6. Differential Stress Sensitization of Cancer Cells by Fasting

Malignant cells are generated in a high nourishment environment and, therefore, thrive in environments resembling those in which they have evolved. Cancer cells generally prefer high levels of glucose to rely on glycolysis more than on oxidative phosphorylation (Warburg effect), which provides energy and biosynthetic precursors essential for proliferation (Vander Heiden et al. 2009). Glycolysis allows the metabolism of glucose-6-phosphate in the pentose shunt pathway, which provides substrates essential for nucleotide synthesis and NADPH production. The Warburg effect may restrict cytochrome c-mediated apoptosis, thereby favoring tumor cell survival and apoptosis evasion through decreased respiration (Vaughn and Deshmukh 2008; Ruckenstuhl et al. 2009).
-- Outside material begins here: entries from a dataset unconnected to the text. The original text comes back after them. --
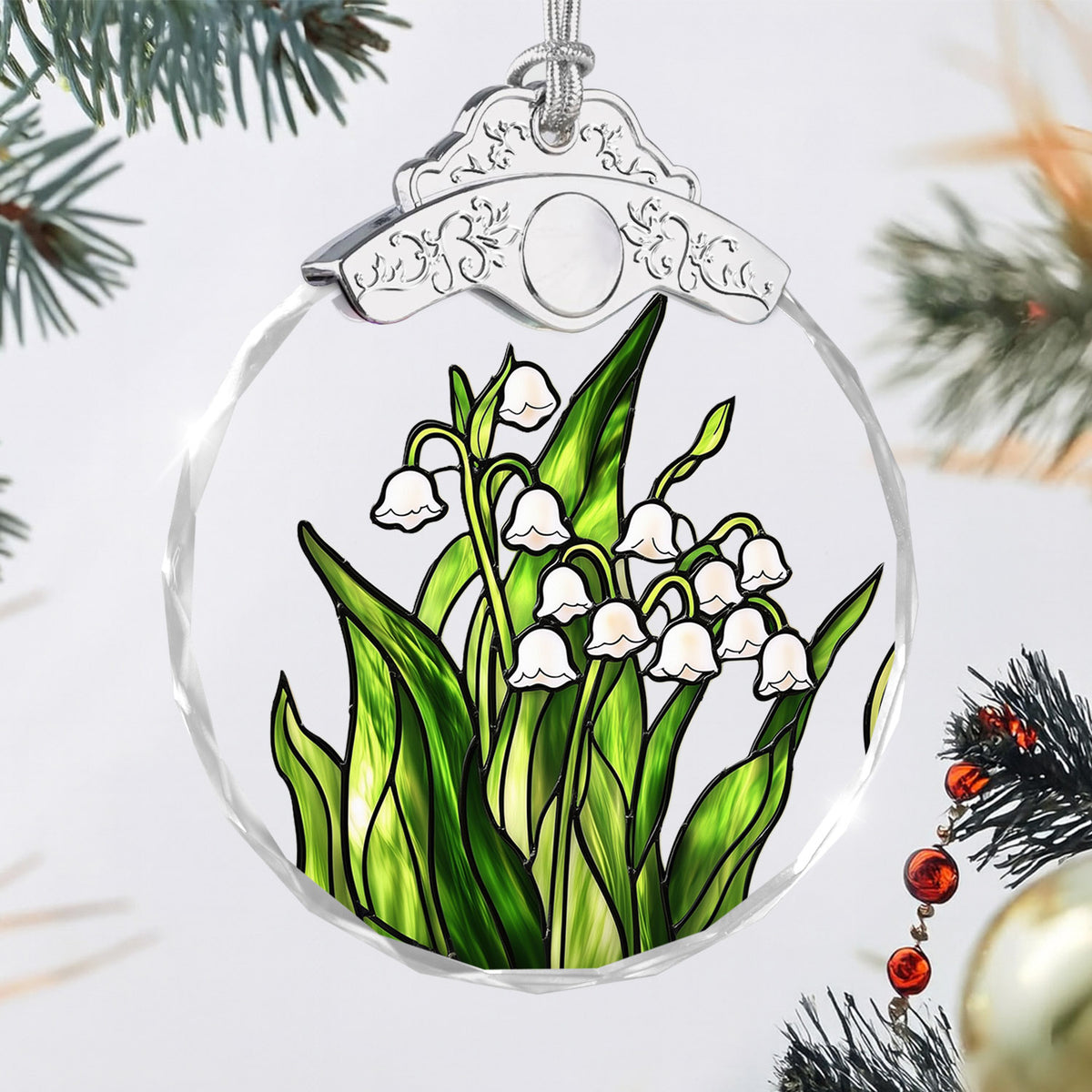 Lily of the Valley Christmas Ornaments – Stained Glass Ornament — view 3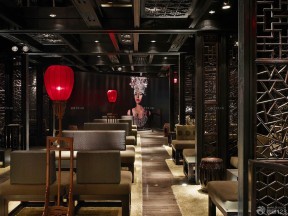 中式古典酒吧装修效果图 过道端景装修效果图片
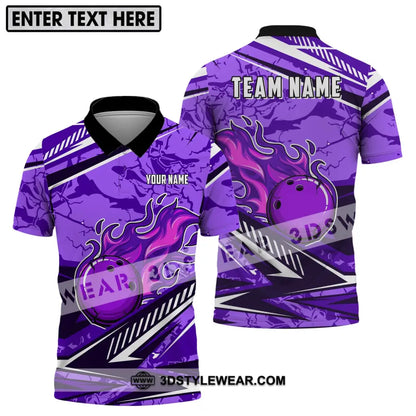 Unisex Shirt - Custom Name And Team Purple Fire Bowling Ball Player Polo / S T-Shirt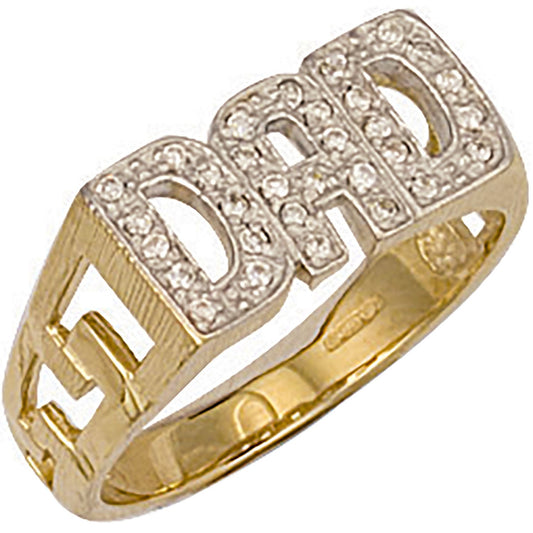 Yellow Gold Cubic Zirconia ID Sides Dad Ring (HNN-93F8DD)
However, glucose alone does not supply all the building blocks required for cellular proliferation and cancer cells therefore depend on amino acids, particularly glutamine, as a nitrogen source (Vander Heiden et al. 2009). Glutamine, the circulating amino acid with the highest concentration in humans, plays a crucial part in the uptake of essential amino acids and can support NADPH production, making it necessary for lipid and nucleotide biosynthesis (Nicklin et al. 2009). Similarly to the effects of CR, protein/amino acid restriction have been demonstrated to increase longevity and to delay the onset of many aging-related diseases, including cancer (Mirzaei et al. 2014). The major reduction in circulating glucose and amino acids during fasting is a significant disadvantage to tumor cells that usually experience an almost unlimited supply through the bloodstream.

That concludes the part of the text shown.